Vahid Beheshti joins protesters
Vahid Beheshti joins protesters last week as they march to Downing Street demanding the UK government proscribe the Islamic Revolutionary Guard Corps. Photograph: Vuk Valcic/Zuma Press/Shutterstock

Vahid Beheshti’s hunger strike outside the Foreign, Commonwealth and Development Office took a surreal turn on Wednesday – its 70th day – when he attended a royal coronation tea party at Buckingham Palace, arriving by wheelchair and wearing a suit and red tie.

He has lost more than 17kg (37lb), or a quarter of his body weight, and he told the Guardian that “my body and joints are now racked in intense pain”. As he left his tent, draped in the Iranian flag and surrounded by flowers, he clutched an envelope containing a letter for the king. After carefully smartening himself up, he was wheeled to a taxi by his wife, Mattie Heaven, a Conservative councillor.

At the garden party, he managed to shake hands with Camilla, the Queen Consort, and hand-deliver his letter to the king’s representative. Heaven had received the royal invitation before Beheshti launched his hunger strike and said he was always her plus one and she had not wanted to go on her own.

A gentle but deeply determined man, Beheshti has been camped outside the Foreign Office in pursuit of his demand that the government proscribe the Islamic Revolutionary Guards Corps as a threat to British society. He claims that the IRGC has been responsible for 10 death threats in the past seven months. Six other Iranians have pitched tents outside the Foreign Office in an act of solidarity.
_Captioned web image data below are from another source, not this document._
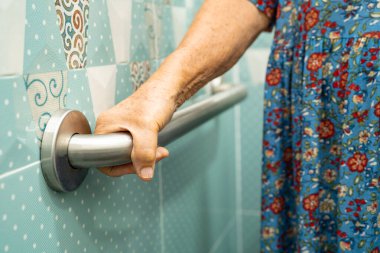 Asyalı yaşlı kadın hasta, hemşire hastanesinde tuvalet temizliği yapıyor. Sağlıklı ve güçlü..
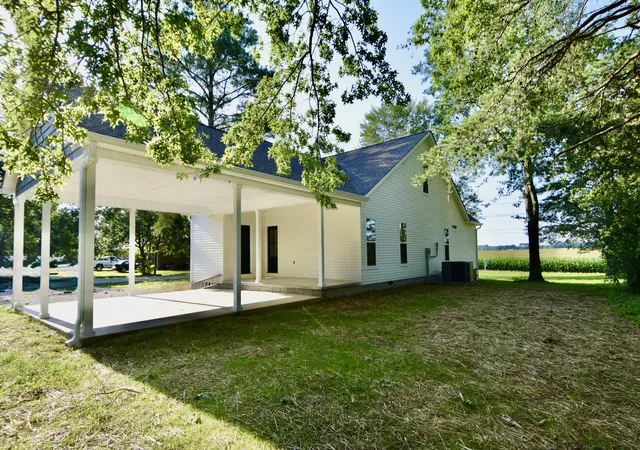 Photo 33 of Single family home for sale at 400 Carrie Ln, Loretto, TN 38469 | MLS# 3601576 | Listing updated on 2026-10-03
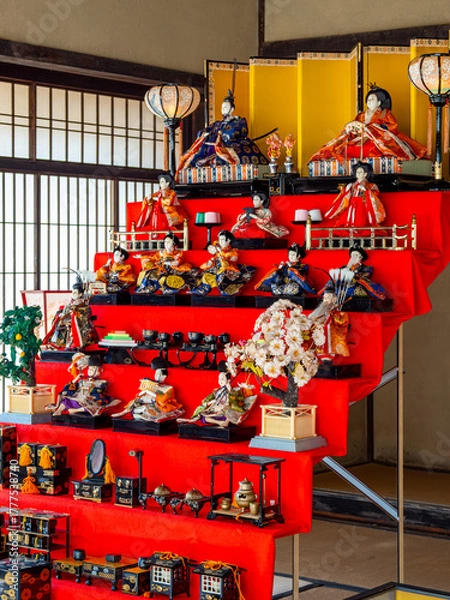 Obraz 伝統的なひな祭りの雛人形飾り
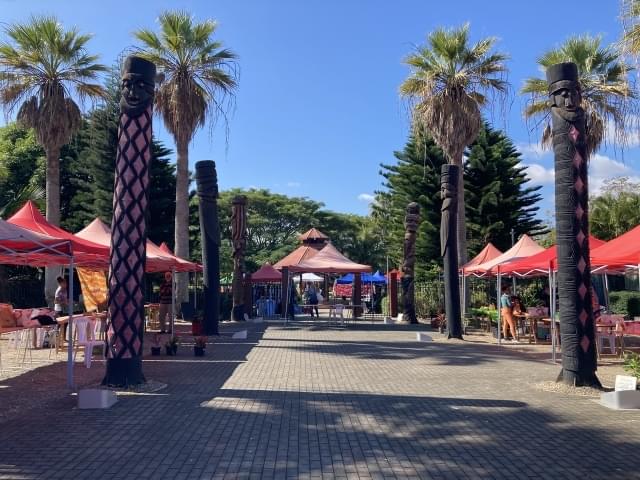 カナックの伝統的な彫刻作品も楽しめる公園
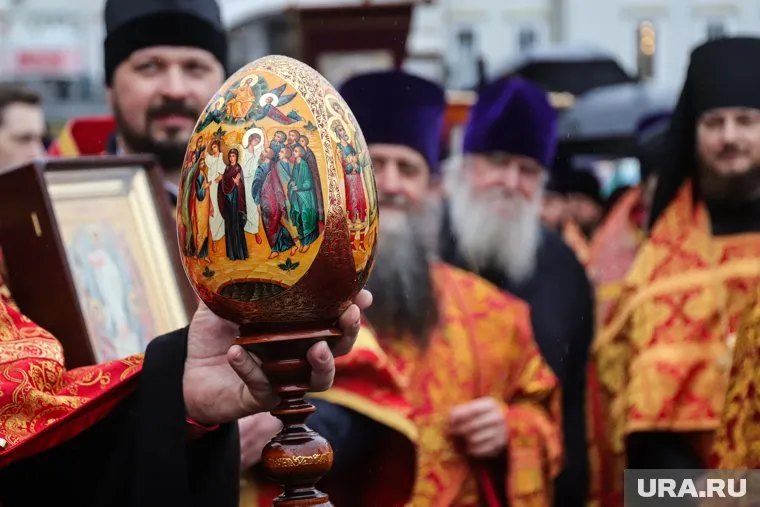 В городах ХМАО отметили Святую Троицу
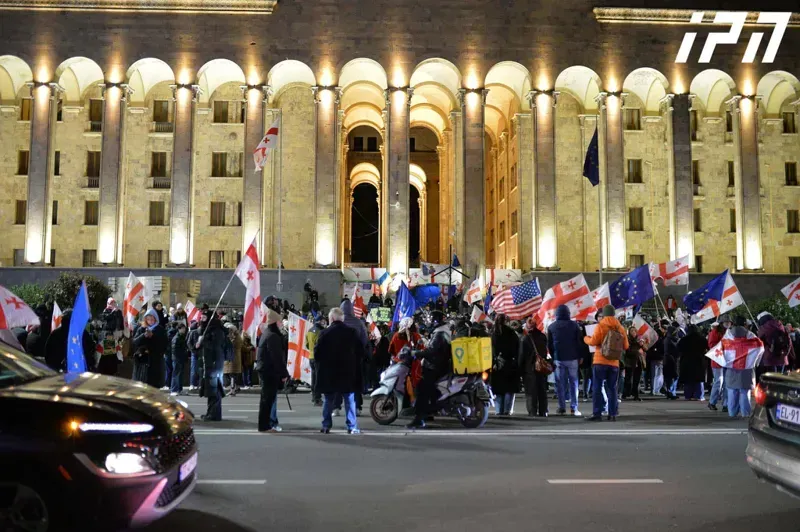 რა ვითარებაა პარლამენტთან, სადაც საპროტესტო აქცია მიმდინარეობს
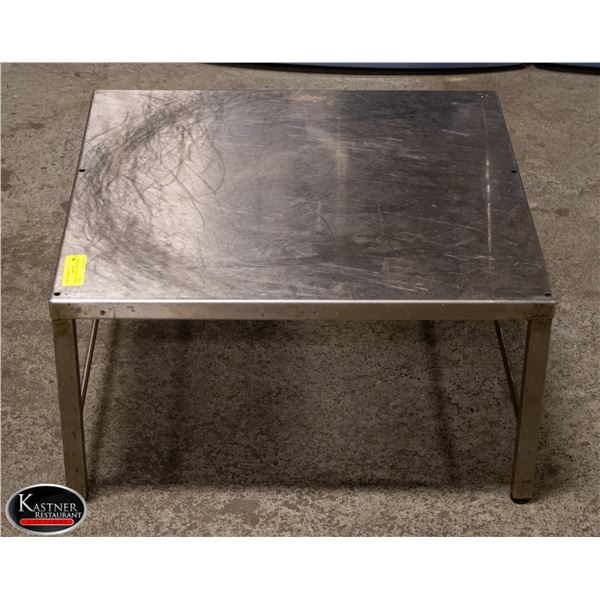 SMALL STAINLESS STEEL WORK TABLE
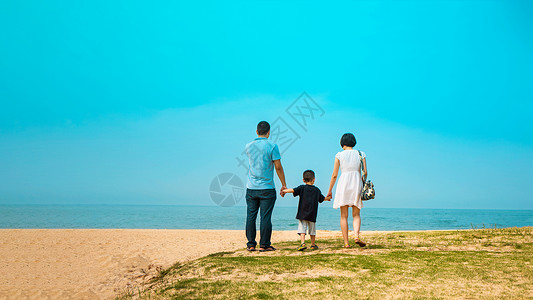 海边幸福的一家人背景图片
Beheshti said: “Iranian dissidents and journalists are persecuted and in danger under the Islamic Republic. They shouldn’t also have to fear for their lives in the UK. We have a responsibility to keep them safe from harm, particularly when they are risking everything for freedom.”
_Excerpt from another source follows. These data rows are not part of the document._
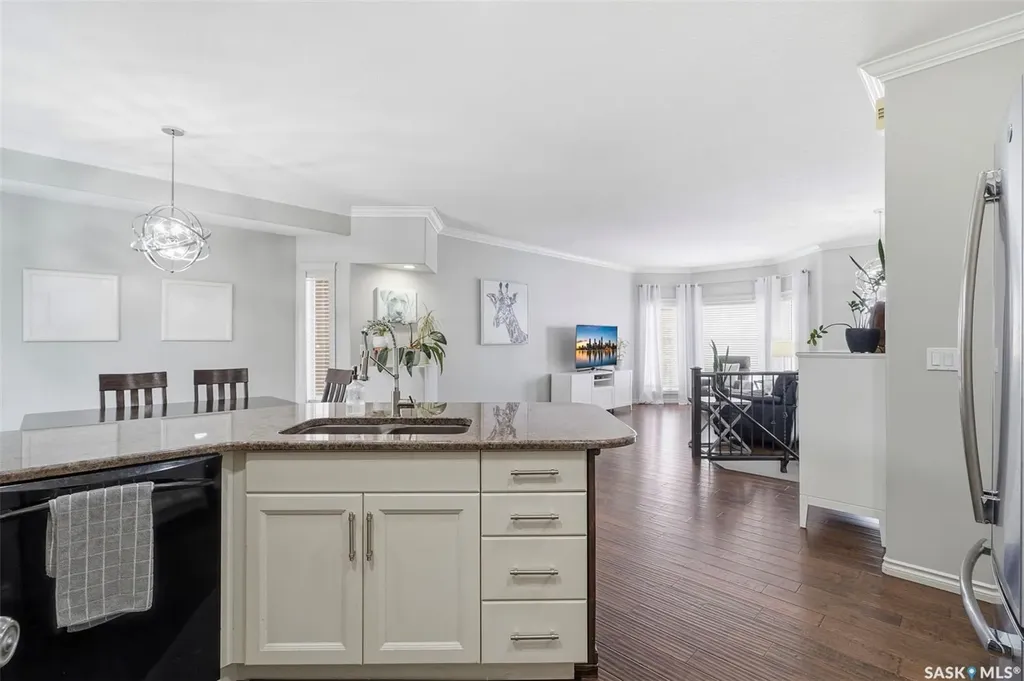 1031 Carr Crescent Saskatoon SK S7S 1L8
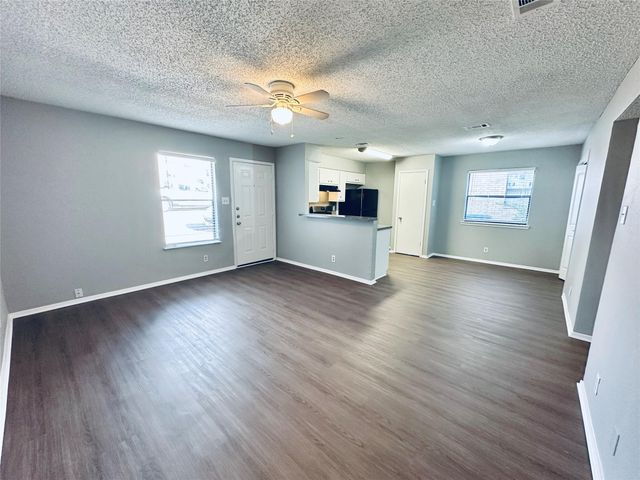 5500 Rose Hill CIR A, Austin, TX 78745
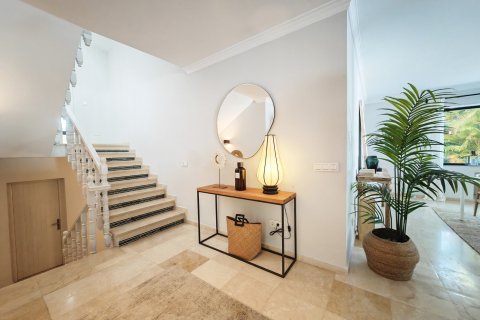 4 chambres Villa à Marbella, Spain No. 27325 11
The foreign secretary, James Cleverly, had yet to stop to talk to him once in the past 70 days, Beheshti said. Cleverly told MPs on Tuesday that he was concerned for Beheshti’s health and urged him to stop.
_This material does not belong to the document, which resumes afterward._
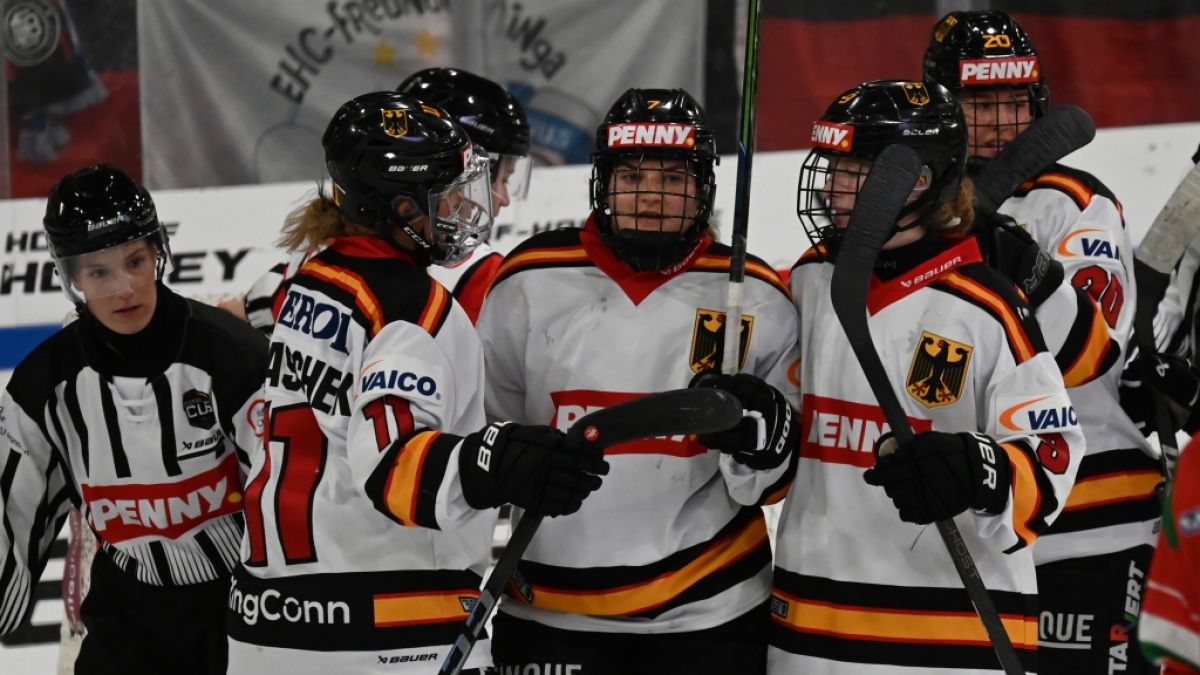Eishockey-Nationalspielerin Franziska Feldmann (Mitte) kurz nach einem Tor. (Foto)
Beheshti said he would only break his strike if he was driven unconscious or the government met his demand, saying his body had grown weaker but his mind was stronger.

His doctor, who comes to see him regularly to check his blood pressure and heart, has told him to stop, saying he is causing himself permanent damage. His diet consists of water, coffee and a handful of sugar cubes.

Richard Ratcliffe, who endured a 20-day hunger strike outside the Foreign Office to secure the release of his wife, Nazanin Zaghari-Ratcliffe, has said he cannot begin to imagine Beheshti’s state, remembering how his own mind slowed substantially.

Heaven worries that ministers are divided over the issue. Beheshti has strong cross-party support for his campaign from MPs – more than 120 have signed a petition backing him – and on Saturday a mood of unity, rare in the Iranian opposition, prevailed as 18 speakers attended a rally to back his cause.

Beheshti has met the security minister, Tom Tugendhat, and the Middle East minister, Tariq Ahmad, to press his case.

While it is the Home Office that proscribes organisations, it is understood that it is the Foreign Office that opposes such a move in this case, fearing the impact it might have on the British diplomatic mission in Tehran.

The Foreign Office says the IRGC is already under sanctions in its entirety, with many individual IRGC members also having sanctions imposed on them, so making them subject to travel bans.

Heaven said her husband was not on hunger strike for himself or even for Iran, but for the protection of British values and freedoms. She said Hamas and Hezbollah were banned in the UK, yet the IRGC was the mother of these organisations.

The Terrorism Act 2000 requires the Home Office to look at five factors when deciding whether to proscribe an organisation: the nature and scale of an organisation’s activities, the specific threat it poses to the UK, the specific threat it poses to British nationals overseas, the extent of the organisation’s presence in the UK, and the need to support other members of the international community in the global fight against terrorism.

Members of proscribed organisations or people who invite support for such groups can be jailed for up to 14 years.